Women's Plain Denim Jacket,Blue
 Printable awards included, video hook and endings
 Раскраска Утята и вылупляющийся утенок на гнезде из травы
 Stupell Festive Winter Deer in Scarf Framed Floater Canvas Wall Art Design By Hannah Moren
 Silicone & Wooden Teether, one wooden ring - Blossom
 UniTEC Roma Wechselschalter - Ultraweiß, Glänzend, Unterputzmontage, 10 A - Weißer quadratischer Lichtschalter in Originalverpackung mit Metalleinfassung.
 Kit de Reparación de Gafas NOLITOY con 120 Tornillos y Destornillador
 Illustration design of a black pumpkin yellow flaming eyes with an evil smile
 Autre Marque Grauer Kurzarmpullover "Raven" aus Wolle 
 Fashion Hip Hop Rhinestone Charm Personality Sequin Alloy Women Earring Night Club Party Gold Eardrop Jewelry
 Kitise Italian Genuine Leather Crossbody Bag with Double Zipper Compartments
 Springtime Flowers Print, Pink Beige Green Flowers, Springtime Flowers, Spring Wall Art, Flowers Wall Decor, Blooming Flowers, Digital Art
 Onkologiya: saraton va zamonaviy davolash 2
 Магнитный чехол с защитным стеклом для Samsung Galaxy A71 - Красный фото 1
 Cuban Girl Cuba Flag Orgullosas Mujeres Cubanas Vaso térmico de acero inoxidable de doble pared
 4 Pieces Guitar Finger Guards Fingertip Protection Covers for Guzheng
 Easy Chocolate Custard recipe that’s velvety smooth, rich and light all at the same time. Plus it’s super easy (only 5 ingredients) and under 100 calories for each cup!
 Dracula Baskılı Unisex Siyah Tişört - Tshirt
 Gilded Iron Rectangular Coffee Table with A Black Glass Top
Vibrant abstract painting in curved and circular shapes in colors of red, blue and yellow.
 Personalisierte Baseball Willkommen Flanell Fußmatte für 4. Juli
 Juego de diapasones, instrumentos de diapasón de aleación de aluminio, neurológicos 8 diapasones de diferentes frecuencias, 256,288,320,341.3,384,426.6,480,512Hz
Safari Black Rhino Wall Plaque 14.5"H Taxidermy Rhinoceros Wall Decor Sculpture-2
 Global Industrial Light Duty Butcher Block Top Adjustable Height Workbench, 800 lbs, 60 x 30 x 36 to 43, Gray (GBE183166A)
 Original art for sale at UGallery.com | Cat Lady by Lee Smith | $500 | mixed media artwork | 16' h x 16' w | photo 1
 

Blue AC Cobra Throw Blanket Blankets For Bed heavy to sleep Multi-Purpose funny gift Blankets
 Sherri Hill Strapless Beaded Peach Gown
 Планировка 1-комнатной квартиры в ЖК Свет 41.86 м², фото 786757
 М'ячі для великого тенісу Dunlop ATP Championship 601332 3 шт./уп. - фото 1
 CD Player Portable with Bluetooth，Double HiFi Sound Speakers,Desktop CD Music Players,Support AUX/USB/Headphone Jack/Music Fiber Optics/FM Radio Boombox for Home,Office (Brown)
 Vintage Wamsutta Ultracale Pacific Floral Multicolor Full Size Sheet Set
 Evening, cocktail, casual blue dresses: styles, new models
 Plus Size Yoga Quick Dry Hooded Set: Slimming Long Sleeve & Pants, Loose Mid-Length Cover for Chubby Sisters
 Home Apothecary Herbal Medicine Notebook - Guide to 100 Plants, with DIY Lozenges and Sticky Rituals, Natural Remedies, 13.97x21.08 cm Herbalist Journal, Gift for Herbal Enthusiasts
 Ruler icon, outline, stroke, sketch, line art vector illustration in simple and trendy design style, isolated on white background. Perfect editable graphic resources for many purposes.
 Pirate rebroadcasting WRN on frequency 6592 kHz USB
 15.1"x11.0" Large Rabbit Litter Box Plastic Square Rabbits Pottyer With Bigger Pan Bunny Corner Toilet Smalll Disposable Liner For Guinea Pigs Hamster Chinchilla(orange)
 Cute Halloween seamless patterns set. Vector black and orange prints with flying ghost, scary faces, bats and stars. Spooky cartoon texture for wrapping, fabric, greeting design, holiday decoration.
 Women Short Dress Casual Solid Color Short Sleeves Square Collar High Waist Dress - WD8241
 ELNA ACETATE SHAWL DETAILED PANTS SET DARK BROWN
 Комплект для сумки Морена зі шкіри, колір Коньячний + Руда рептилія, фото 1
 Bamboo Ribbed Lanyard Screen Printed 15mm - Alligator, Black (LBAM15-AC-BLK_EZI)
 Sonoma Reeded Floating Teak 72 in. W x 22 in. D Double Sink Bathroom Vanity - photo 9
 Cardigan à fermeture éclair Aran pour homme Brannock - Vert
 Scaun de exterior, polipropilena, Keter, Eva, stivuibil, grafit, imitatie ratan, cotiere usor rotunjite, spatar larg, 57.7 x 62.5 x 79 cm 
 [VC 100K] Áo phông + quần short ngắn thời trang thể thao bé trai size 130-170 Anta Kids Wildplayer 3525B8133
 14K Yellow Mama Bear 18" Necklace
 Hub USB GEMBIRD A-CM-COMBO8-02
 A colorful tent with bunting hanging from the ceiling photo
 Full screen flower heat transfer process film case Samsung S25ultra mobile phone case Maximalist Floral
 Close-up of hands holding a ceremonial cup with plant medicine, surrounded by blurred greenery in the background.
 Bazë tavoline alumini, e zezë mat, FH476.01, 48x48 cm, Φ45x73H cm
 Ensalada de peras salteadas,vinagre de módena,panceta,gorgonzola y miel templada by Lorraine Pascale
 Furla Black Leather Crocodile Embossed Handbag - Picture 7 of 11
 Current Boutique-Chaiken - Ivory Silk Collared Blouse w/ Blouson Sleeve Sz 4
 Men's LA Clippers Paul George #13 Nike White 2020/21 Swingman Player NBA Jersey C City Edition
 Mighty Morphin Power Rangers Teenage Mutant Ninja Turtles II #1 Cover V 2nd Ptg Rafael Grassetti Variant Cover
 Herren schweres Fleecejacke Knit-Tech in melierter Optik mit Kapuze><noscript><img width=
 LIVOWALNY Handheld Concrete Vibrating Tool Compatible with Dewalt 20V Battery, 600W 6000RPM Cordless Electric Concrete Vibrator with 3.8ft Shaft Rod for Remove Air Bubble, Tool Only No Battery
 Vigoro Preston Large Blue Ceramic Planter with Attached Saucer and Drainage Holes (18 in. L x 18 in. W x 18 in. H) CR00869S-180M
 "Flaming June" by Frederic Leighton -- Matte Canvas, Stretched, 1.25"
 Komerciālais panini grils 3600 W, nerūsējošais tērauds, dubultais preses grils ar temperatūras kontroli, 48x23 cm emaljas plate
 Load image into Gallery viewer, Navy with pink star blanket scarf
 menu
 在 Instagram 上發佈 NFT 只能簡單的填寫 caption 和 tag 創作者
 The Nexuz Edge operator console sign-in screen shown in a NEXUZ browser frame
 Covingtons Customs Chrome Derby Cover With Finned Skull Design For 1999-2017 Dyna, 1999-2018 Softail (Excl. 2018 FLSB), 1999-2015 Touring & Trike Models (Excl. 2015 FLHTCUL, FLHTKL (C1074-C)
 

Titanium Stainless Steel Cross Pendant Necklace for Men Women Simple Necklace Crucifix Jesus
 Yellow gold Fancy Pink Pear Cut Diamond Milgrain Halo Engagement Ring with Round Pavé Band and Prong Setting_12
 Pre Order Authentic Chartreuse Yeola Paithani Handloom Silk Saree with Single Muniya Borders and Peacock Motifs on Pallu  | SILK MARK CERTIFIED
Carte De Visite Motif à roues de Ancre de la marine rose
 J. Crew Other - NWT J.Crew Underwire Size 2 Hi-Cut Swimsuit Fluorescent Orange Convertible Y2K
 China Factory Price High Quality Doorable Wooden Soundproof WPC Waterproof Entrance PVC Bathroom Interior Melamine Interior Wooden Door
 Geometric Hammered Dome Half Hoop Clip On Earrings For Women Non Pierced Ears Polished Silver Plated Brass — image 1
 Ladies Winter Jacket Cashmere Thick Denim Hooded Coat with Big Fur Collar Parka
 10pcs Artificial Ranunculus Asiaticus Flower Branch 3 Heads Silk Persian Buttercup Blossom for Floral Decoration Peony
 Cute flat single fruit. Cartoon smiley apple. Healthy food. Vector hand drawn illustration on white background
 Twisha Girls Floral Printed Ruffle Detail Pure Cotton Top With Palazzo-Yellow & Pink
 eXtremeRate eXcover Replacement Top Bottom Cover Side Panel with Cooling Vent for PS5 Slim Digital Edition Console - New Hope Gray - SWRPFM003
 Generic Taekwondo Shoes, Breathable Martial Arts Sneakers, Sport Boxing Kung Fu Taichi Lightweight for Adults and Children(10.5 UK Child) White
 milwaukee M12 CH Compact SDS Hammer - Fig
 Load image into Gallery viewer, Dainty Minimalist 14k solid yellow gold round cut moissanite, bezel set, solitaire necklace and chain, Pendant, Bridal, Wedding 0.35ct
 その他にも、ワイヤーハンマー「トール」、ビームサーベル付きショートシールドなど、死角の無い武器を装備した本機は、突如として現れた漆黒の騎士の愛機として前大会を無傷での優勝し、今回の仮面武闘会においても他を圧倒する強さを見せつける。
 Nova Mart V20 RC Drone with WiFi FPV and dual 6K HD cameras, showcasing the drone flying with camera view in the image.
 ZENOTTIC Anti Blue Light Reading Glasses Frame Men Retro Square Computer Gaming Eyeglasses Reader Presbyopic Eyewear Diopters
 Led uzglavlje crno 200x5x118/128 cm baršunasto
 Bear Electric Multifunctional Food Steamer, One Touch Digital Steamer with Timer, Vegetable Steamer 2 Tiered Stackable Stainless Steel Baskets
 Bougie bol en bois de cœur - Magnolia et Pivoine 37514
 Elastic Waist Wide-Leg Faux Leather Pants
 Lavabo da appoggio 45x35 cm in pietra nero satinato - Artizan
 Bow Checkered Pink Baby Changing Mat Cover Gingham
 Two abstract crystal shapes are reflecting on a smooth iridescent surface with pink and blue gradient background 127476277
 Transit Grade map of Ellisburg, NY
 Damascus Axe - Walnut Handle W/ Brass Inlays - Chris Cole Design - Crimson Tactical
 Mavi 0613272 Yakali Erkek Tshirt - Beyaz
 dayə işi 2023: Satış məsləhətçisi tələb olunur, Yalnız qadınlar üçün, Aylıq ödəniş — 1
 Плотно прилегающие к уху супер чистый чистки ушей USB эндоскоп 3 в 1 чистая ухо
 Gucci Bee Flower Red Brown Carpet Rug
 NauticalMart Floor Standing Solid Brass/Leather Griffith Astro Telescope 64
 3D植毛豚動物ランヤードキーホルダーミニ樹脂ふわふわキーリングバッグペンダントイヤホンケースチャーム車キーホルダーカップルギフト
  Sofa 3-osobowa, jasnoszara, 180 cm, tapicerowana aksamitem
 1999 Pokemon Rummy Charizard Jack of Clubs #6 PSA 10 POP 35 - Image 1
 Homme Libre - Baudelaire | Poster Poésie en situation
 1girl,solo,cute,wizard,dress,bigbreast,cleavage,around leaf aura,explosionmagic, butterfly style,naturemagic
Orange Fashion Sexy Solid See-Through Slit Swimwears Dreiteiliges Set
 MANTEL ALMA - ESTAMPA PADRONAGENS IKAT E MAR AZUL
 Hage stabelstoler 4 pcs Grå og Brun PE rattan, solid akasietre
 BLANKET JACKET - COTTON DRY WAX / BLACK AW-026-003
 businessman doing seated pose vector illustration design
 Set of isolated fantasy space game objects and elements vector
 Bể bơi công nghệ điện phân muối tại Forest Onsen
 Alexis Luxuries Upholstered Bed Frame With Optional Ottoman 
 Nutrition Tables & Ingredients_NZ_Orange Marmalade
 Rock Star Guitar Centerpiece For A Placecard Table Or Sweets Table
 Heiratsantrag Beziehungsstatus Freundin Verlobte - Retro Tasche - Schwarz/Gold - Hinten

== WHAT THE TASK ASKS ==
What is needed is every line of the records above that contains the word "flying".

== ANSWER FOR THE TASK ==
 Cute Halloween seamless patterns set. Vector black and orange prints with flying ghost, scary faces, bats and stars. Spooky cartoon texture for wrapping, fabric, greeting design, holiday decoration.
 Nova Mart V20 RC Drone with WiFi FPV and dual 6K HD cameras, showcasing the drone flying with camera view in the image.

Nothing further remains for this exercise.